Record excerpts:

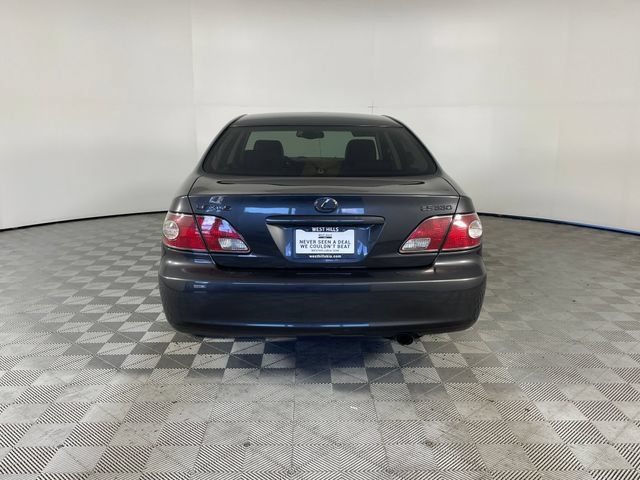 Used 2004 Lexus ES 330 FWD image 24
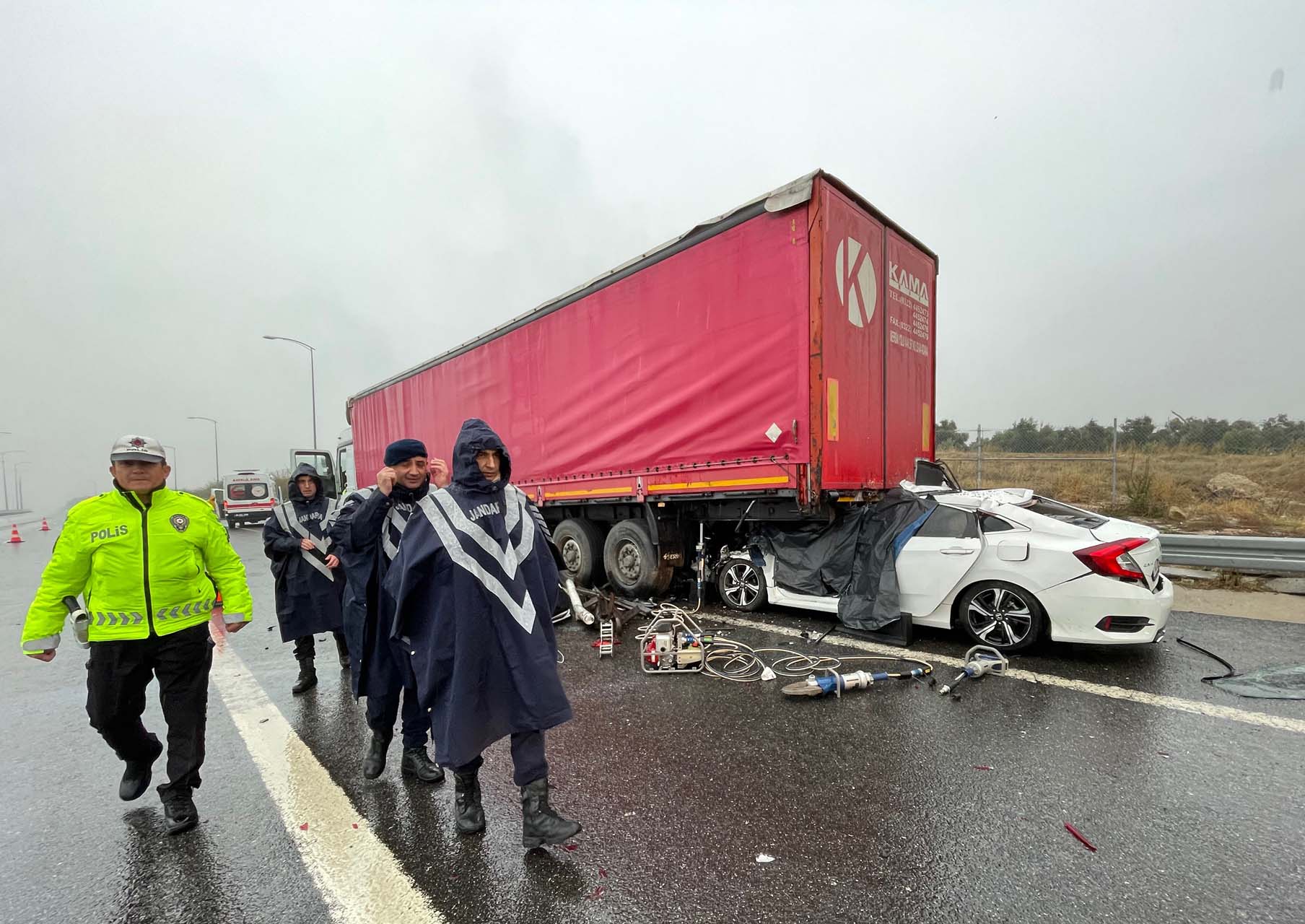 İstanbul İzmir otoyolunda feci kaza! Otomobilin TIR'ın dorsesine çarptı: Ölüler ve yaralılar var
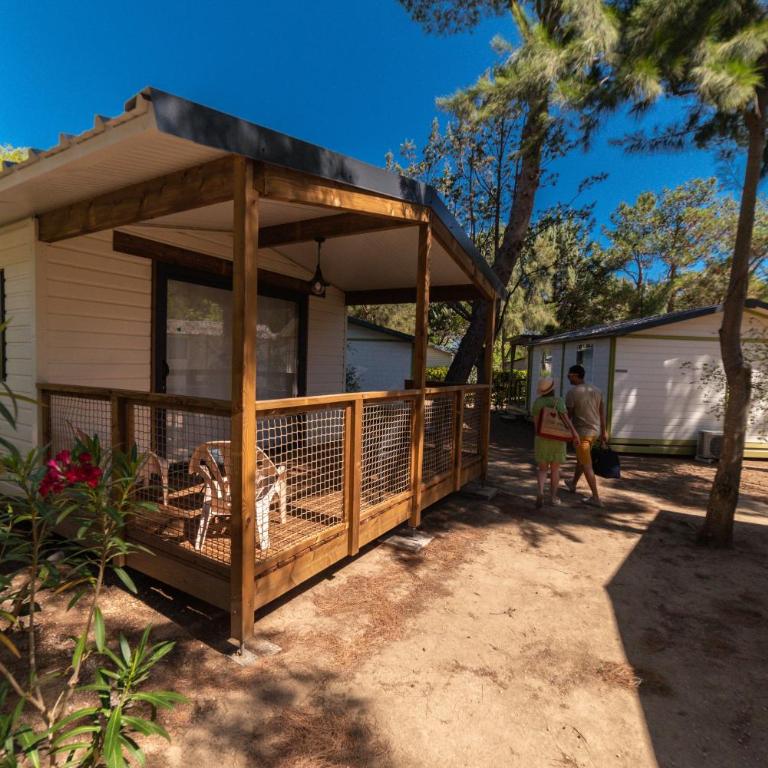 Camping La Pinède Enchantée - Bungalow 1 Chambre - 9
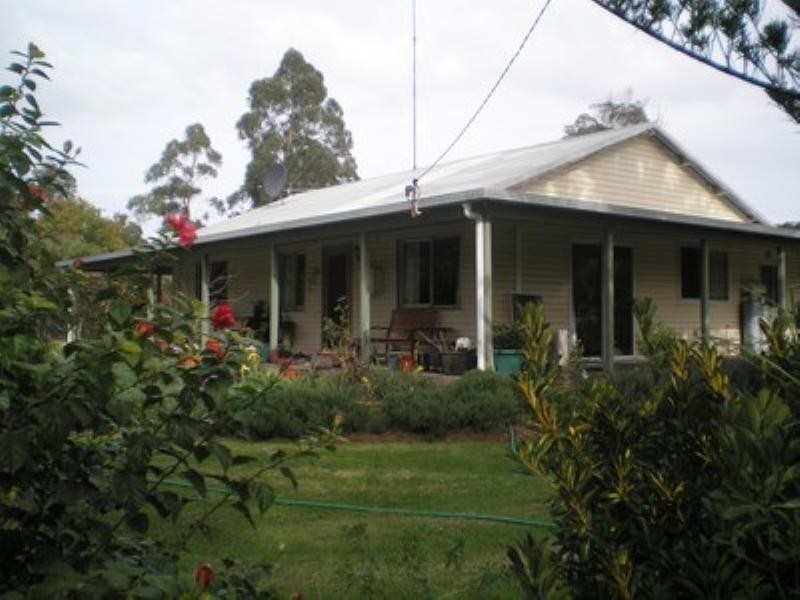 48 Grange Road, Nannup WA 6275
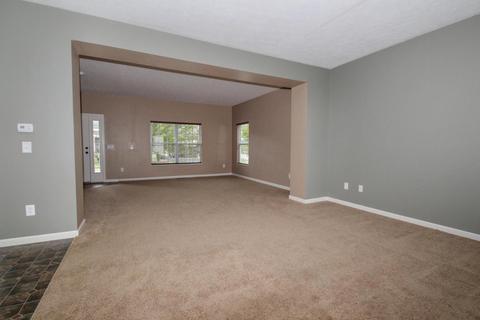 740 Salinger Dr, Lithopolis, OH 43136 photo 11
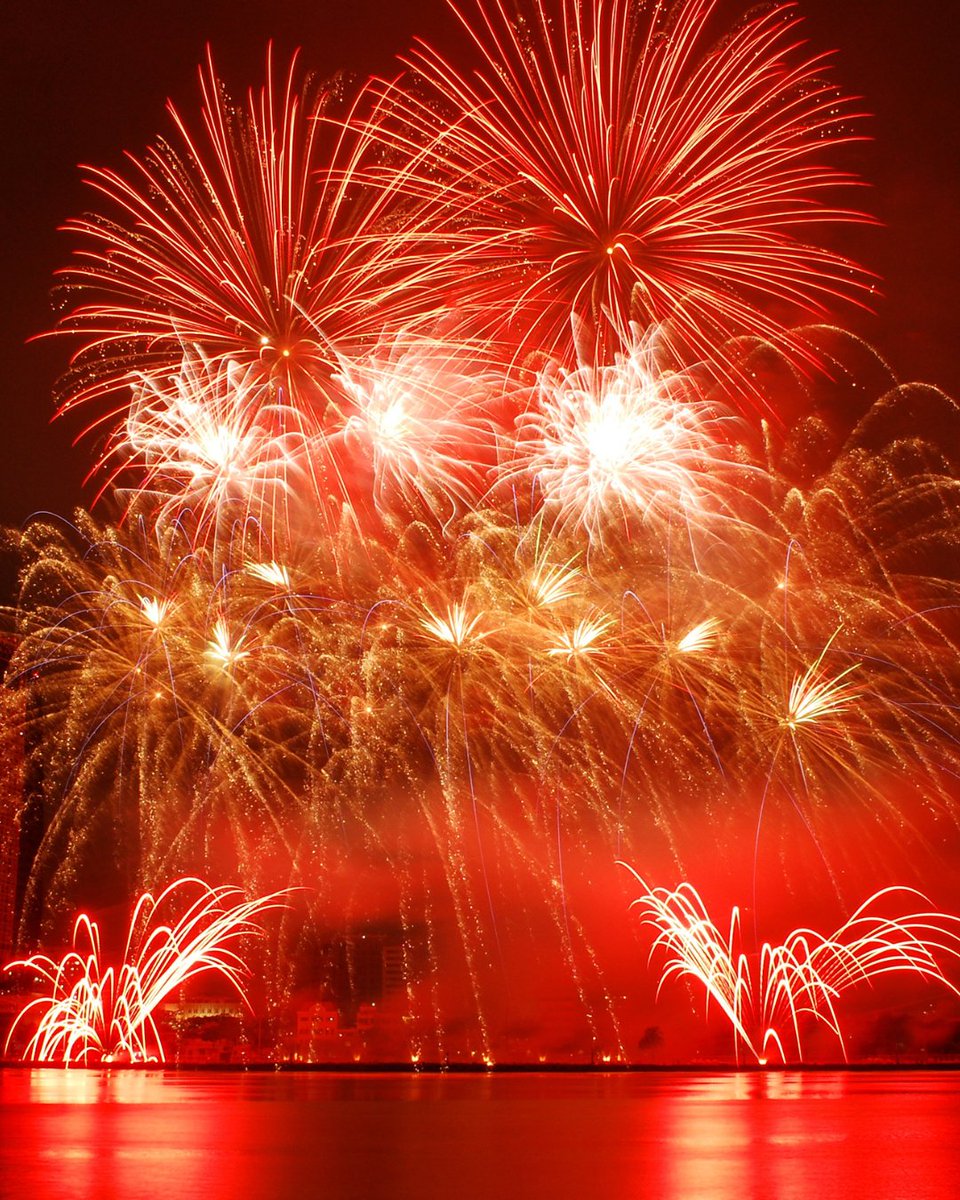 cityoftoronto's tweet photo. Happy Canada Day, Toronto! 🍁 https://t.co/r8i2f73X4C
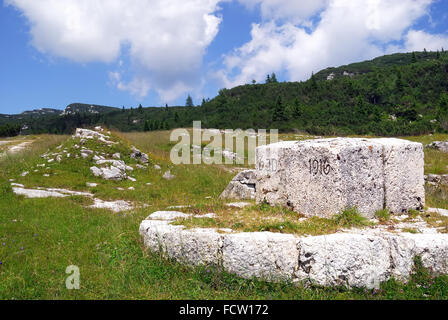 Asiago Hochebene, Veneto, Italien. Meilenstein in der Kaiser-Karl-Straße. Kaiser Karl Straße ist eine Auffahrt auf Plateau Sette Comuni von den Soldaten des Austro-ungarischen Reiches während des ersten Weltkrieges gebaut, das Gebiet nördlich von dem Plateau eine Zufahrt für Kraftfahrzeuge zugänglichen Bereich des Monte Ortigara auszustatten. Stockfoto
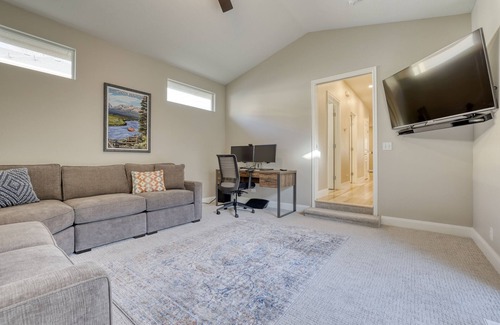 Harris Ranch House | Bright, comfy home in Harris Ranch, Boise. Near river, trails, BSU. Book now!
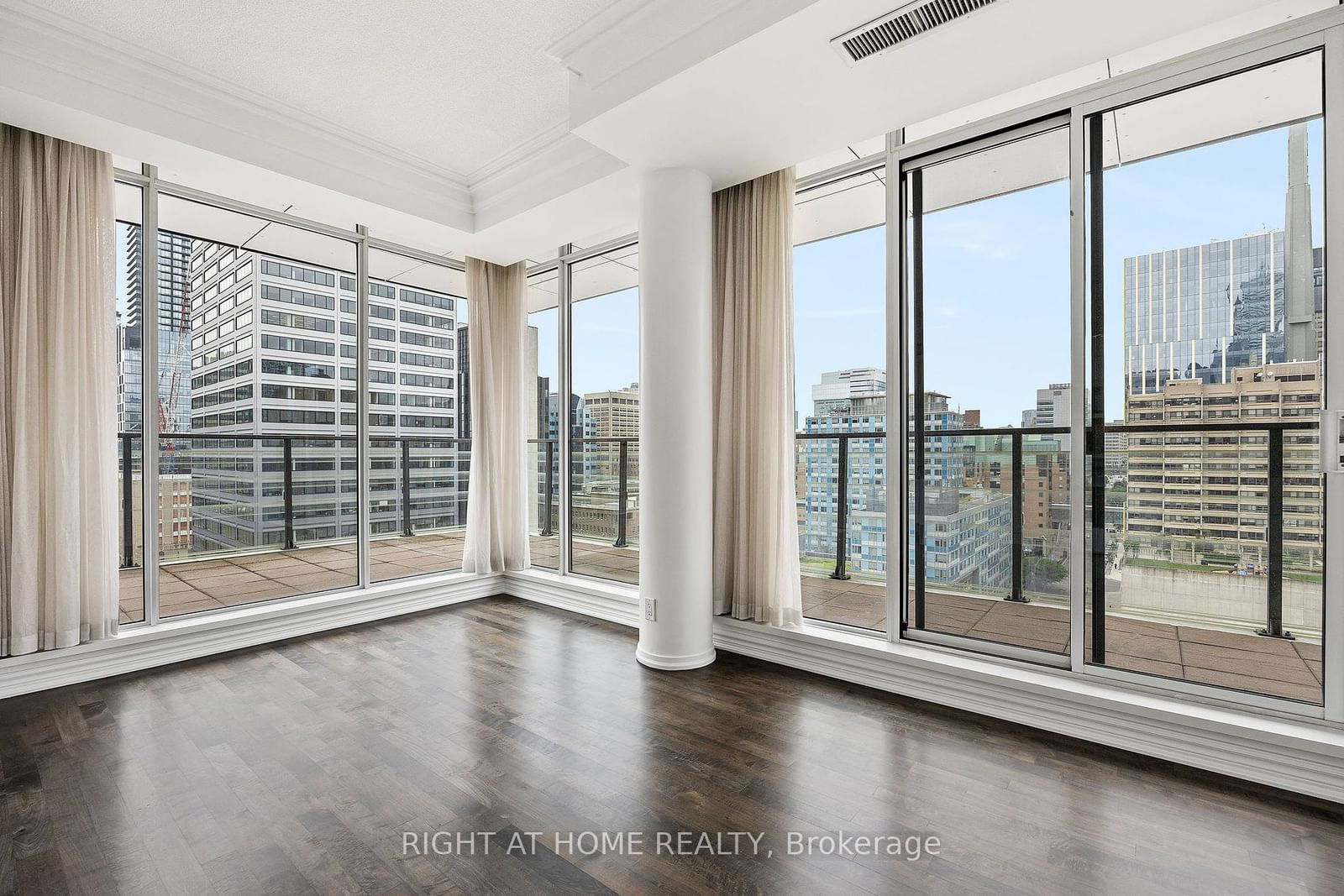 111 Elizabeth St, unit 1829Lph for sale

Exercise objective: Leave the pictures out and transcribe the remaining material exactly.

Reply to the exercise:
 Used 2004 Lexus ES 330 FWD image 24
 İstanbul İzmir otoyolunda feci kaza! Otomobilin TIR'ın dorsesine çarptı: Ölüler ve yaralılar var
 Camping La Pinède Enchantée - Bungalow 1 Chambre - 9
 48 Grange Road, Nannup WA 6275
 740 Salinger Dr, Lithopolis, OH 43136 photo 11
 cityoftoronto's tweet photo. Happy Canada Day, Toronto! 🍁 https://t.co/r8i2f73X4C
 Asiago Hochebene, Veneto, Italien. Meilenstein in der Kaiser-Karl-Straße. Kaiser Karl Straße ist eine Auffahrt auf Plateau Sette Comuni von den Soldaten des Austro-ungarischen Reiches während des ersten Weltkrieges gebaut, das Gebiet nördlich von dem Plateau eine Zufahrt für Kraftfahrzeuge zugänglichen Bereich des Monte Ortigara auszustatten. Stockfoto
 Harris Ranch House | Bright, comfy home in Harris Ranch, Boise. Near river, trails, BSU. Book now!
 111 Elizabeth St, unit 1829Lph for sale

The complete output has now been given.